**** GIVEN ENTRIES
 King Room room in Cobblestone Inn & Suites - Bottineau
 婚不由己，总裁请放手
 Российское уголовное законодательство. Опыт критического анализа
********
**** GIVEN ENTRIES
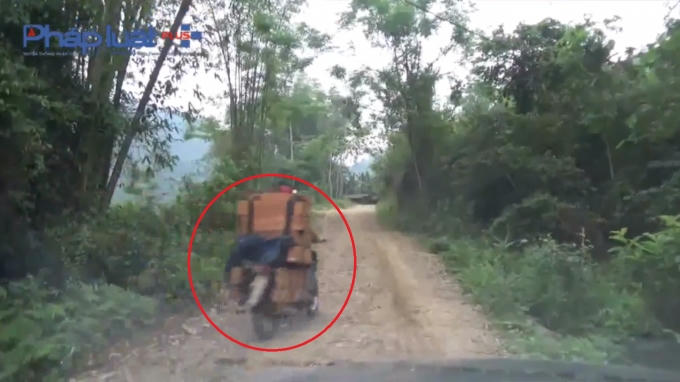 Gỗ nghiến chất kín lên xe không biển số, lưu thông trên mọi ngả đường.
********
PROBLEM STATEMENT – Return, word for word, the lines of the data above from the line with "King Room room" through the line with "Российское уголовное законодательство.", inclusive.

RESPONSE TO THIS TASK –
 King Room room in Cobblestone Inn & Suites - Bottineau
 婚不由己，总裁请放手
 Российское уголовное законодательство. Опыт критического анализа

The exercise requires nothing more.